Антон вспомнил Лерины деньги, уплывшие в конце концов к безвестным драгдилерам, и кивнул.
– Я вот когда-то читал, едва ли не в школе еще, что люди употребляют наркотики, в смысле жесткие наркотики, из-за тяги к саморазрушению. Я, между тем, уверен, что смертность среди банкиров больше, чем среди наркоманов. По крайней мере – сегодня в России. Так что можно сказать, что трупы убитых в разборках соответствуют томящимся в дурке телам, потерявшим свою душу в бесконечных дурных и благостных трипах, – отчеканил Горский.
Воспоминания о дилерах снова напомнили Антону об ушедшем Диме Зубове.
– Ты говоришь, – сказал он, – убийцу определяет, типа, автор для своих идеологических штук. Тогда получается, что Зубов оказался подонком, потому что он – дилер. А торговать наркотиками как бы плохо.
– Да ладно тебе, – сказал Горский, – кто нынче не приторговывает? Дилер – это человек, у которого доходы от торговли наркотиками составляют приличную часть его доходов. Хотя бы треть. Но, конечно, этот веский довод в милиции не предъявишь. С другой стороны, торговать наркотиками – неправильно.
– Даже если это психоделики?
– Даже если. Деньги можно брать только на покрытие расходов. Если ты считаешь, что наркотики – дрянь, то нехуй их продавать. Это, так сказать, случай герыча. Если же считаешь, что они – как святое причастие, то как можно торговать святым причастием?

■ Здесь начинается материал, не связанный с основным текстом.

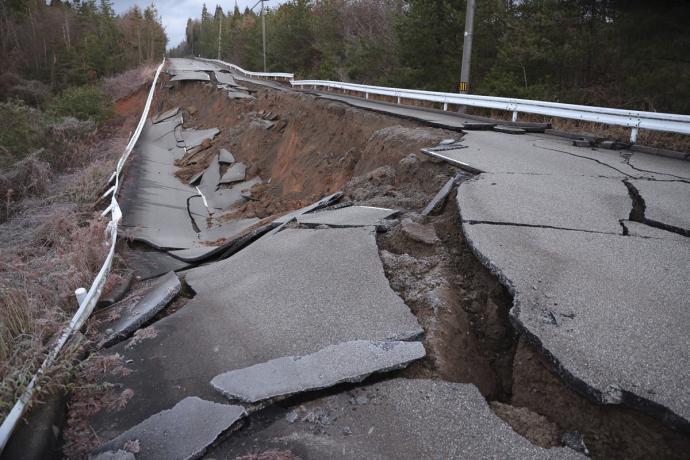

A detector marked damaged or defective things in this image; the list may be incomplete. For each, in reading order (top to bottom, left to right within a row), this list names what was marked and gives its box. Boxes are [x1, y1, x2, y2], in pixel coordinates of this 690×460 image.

bent guardrail [198, 58, 292, 82]
bent guardrail [290, 79, 688, 143]
broken asphalt slab [292, 206, 396, 227]
cracked pavement chunk [296, 206, 398, 227]
cracked pavement chunk [456, 173, 628, 234]
broken asphalt slab [456, 174, 628, 235]
broken asphalt slab [628, 177, 688, 234]
cracked pavement chunk [628, 180, 688, 235]
bent guardrail [0, 58, 165, 452]
damaged asphalt road [61, 58, 684, 460]
cracked pavement chunk [99, 272, 181, 346]
broken asphalt slab [99, 272, 183, 346]
cracked pavement chunk [86, 227, 420, 438]
broken asphalt slab [86, 227, 420, 438]
broken asphalt slab [456, 222, 688, 428]
cracked pavement chunk [460, 223, 688, 428]
broken asphalt slab [210, 340, 424, 404]
cracked pavement chunk [211, 338, 424, 402]
cracked pavement chunk [92, 398, 245, 460]
broken asphalt slab [92, 398, 245, 460]
cracked pavement chunk [204, 380, 580, 458]
broken asphalt slab [206, 380, 580, 458]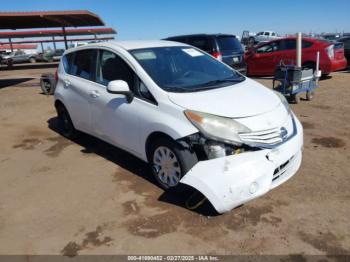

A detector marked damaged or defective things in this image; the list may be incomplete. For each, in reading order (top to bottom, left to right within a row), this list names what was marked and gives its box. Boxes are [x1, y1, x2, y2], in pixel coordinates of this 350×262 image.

damaged front bumper [180, 116, 304, 213]
cracked bumper cover [180, 116, 304, 213]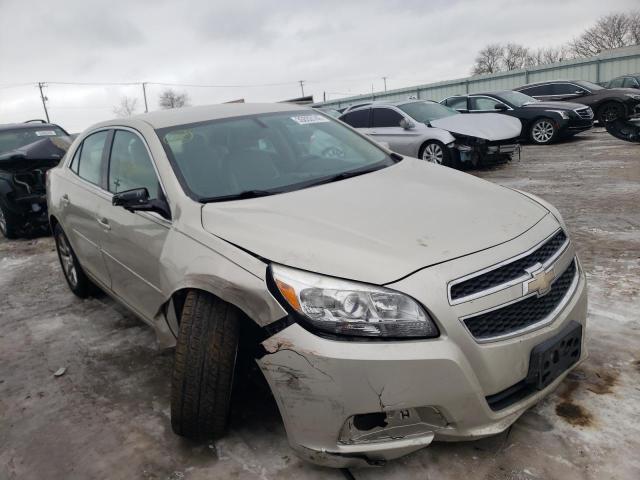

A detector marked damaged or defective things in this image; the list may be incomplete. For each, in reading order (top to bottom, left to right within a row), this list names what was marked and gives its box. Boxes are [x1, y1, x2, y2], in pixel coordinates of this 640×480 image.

damaged chevrolet malibu [47, 103, 588, 466]
crumpled front bumper [258, 222, 588, 468]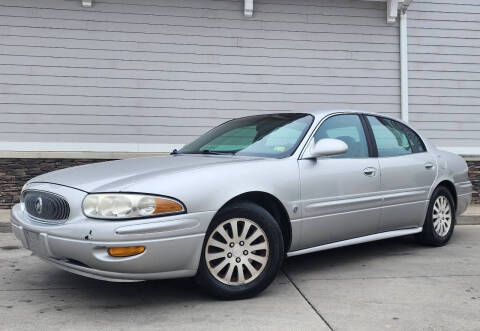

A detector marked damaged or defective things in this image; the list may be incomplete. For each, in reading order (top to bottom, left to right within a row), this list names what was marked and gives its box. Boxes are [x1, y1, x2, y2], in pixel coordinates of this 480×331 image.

pavement crack [282, 270, 334, 331]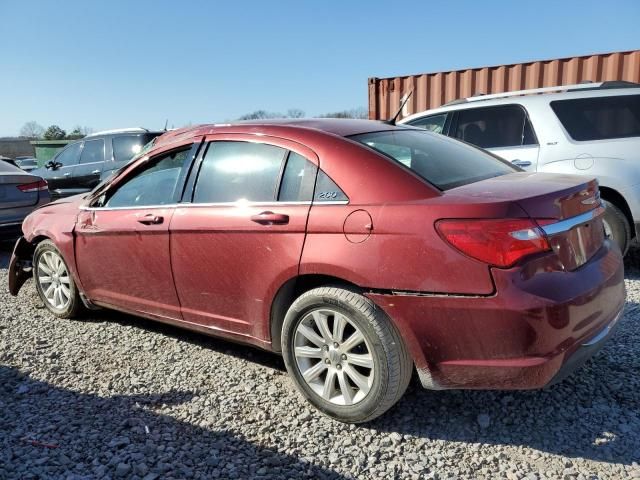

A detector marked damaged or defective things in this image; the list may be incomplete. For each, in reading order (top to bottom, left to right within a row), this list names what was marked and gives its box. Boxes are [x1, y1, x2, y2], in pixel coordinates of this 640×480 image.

– А третьего варианта нет?
– Остальные варианты – линейная комбинация этих двух. С различными коэффициентами. И результат такой же. На 30 процентов подлец, на 70 – святотатец. Или – наоборот. Но это, конечно, не повод, чтобы не пользоваться услугами дилеров.
– А Зубов кто?
– Зубов – несчастный человек, которого никогда ничего не вставляет. То есть вставляет – но не до конца. И потому он живет отраженным светом – рассказами тех, кого вставило. Потому его и сжигает зависть к тем, кто получает опыт, которого у него все равно нет – что он ни пробует. Оттого он и продает, оттого и с Милой спал – ну, ты сам слышал.
– А почему с ним так происходит?
– Можно, конечно, сказать «карма» или чего-нибудь про эндорфинный баланс. Но я думаю, что он просто не может поверить в подлинность каждого своего переживания, психоделического в том числе. Он все время сравнивает его с тем, что читал или слышал. А это, сам знаешь, последнее дело. Короче, чужой трип ему всегда интересней, просто потому что – чужой. Вот он и меня упрашивал рассказать, что я увижу под его порошком.
– Но цену не сбросил! – возмутился Антон
– Конечно. Я же, по его представлениям, свой кайф получу, а он – только деньги. Кстати, я порошок для тебя брал.
– Для меня?
– Ну да. Смотри: у Холмса от кокаина была мания величия и он верил в силу своего разума. Ты, кстати, знаешь, что кокаин изобрел Фрейд?
– Нет.
– Еще один фанатик рационального постижения мира, насколько я понимаю. И на сексе его здорово клинило. Так вот, мы же с тобой – не кокаинисты и потому не думаем, что узнаем правду, потому что такие умные. Просто есть место, где эта правда лежит – и надо туда попасть и ее увидеть. Все факты про эту Женю у тебя есть, убийцу ты видел. Так что осталось чем-то подстегнуть интуицию – и все. Случай сложный, потому нужно особое вещество. А если простой, как с Милой, то и травы хватает.
– А с Милой разве была трава?
– Да я же сразу все понял, когда ты мне про Шиповского рассказал. Покурил – и увидел эту девушку, которая в замке с тронами и прекрасными принцами. И понял, что ее просто кто-то на это развел. Ну, а поскольку Олег сказал, что видел какого-то парня, а Алена говорила, что поругана с Милой, то все было ясно. Она кому-то рассказала, а он и воспользовался. Дальше – дело техники, сам видел.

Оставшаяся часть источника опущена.